Records from a data source

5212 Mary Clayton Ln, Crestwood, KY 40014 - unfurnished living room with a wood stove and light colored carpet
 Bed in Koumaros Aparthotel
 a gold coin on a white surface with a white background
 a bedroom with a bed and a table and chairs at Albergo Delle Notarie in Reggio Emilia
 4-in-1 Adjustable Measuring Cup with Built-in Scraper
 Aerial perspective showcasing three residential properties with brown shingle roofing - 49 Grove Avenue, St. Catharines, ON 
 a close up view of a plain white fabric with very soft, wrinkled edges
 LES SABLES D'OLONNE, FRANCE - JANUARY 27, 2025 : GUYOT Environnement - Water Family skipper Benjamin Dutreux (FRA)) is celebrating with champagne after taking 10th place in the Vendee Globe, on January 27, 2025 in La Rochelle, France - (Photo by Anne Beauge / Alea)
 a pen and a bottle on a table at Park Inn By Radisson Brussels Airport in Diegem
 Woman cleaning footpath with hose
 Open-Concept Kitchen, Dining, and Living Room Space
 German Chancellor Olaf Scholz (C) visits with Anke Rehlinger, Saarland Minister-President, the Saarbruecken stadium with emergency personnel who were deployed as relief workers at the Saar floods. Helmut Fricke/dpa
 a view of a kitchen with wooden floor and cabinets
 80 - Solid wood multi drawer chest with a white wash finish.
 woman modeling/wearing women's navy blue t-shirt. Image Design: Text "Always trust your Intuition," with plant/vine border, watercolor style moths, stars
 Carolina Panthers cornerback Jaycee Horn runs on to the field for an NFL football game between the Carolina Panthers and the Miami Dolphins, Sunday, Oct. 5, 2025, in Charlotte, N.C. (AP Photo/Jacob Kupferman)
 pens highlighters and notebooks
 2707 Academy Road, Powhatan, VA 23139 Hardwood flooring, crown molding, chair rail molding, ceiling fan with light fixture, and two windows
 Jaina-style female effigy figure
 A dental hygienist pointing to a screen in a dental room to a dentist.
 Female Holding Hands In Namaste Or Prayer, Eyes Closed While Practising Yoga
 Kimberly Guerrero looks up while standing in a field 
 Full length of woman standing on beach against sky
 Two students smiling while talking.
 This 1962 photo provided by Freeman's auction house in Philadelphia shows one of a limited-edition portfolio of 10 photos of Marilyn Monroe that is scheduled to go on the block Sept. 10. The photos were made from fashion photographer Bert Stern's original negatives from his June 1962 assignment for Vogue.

→ **YOUR TASK**
Beginning at the line containing "Kimberly Guerrero looks", repeat each line exactly through the last line of the entries, and include no other lines.

→ **YOUR RESPONSE**
 Kimberly Guerrero looks up while standing in a field 
 Full length of woman standing on beach against sky
 Two students smiling while talking.
 This 1962 photo provided by Freeman's auction house in Philadelphia shows one of a limited-edition portfolio of 10 photos of Marilyn Monroe that is scheduled to go on the block Sept. 10. The photos were made from fashion photographer Bert Stern's original negatives from his June 1962 assignment for Vogue.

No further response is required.